Washington is a tough town for Clintons, be they Bill, Hillary or Portis.

The latter in that group practiced no politics on Sunday as the Redskins concluded their three-day voluntary minicamp. He said he felt fine, looked forward to being part of a backfield augmented by two free-agent pickups and would once again show himself to be a top performer.
Clinton Portis missed the final eight games last season with a concussion and was the subject of much scrutiny over his practice habits and conditioning before that injury in the loss to the Atlanta Falcons.

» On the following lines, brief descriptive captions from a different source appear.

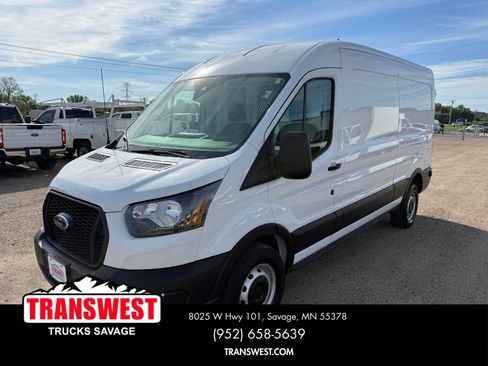 Used 2024 Ford Transit 250 148 Medium Roof w/ Load Area Protection Package RWD image 1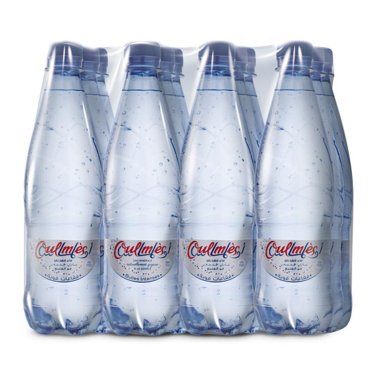 أولمس مياه معدنية فوارة طبيعية 12x50cl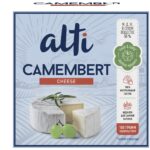 Сыр ALTI Камамбер с белой плесенью 50% (квадрат) 100гр БЗМЖ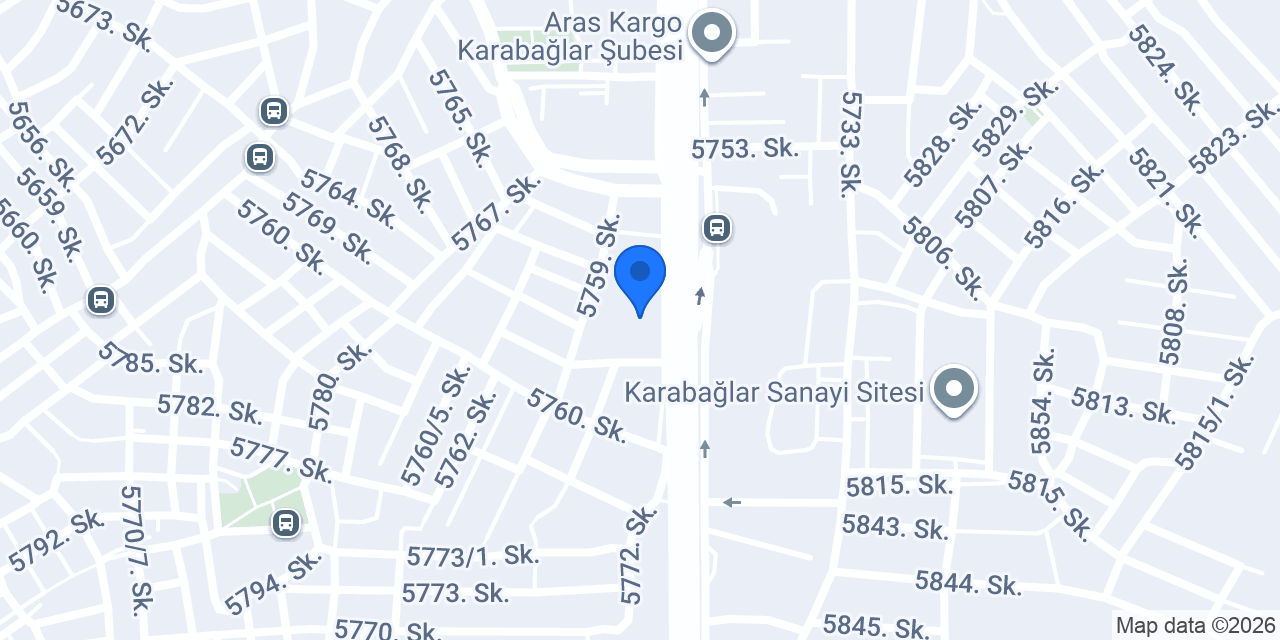 İstikbal Karabağlar konumu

He didn’t much like the critiques.

“I’m tired of proving myself,” the Redskins’ second all-time leading rusher said as the club concluded its first voluntary minicamp. “You get wrote off so quick.”

Knocked out in the eighth game, Portis was still on roughly a 1,000-yard pace and averaged 4.0 yards a carry in a disappointing 2009 season. He finished with 494 yards, the fewest of his eight-year career, and scored only one rushing touchdown.

At 29, Portis will be part of a backfield that also includes veterans Larry Johnson and Willie Parker, who are accustomed to heavy workloads.
Can they all get enough carries to find a rhythm and thrive?

“We’ll find a way to make it work,” Portis said.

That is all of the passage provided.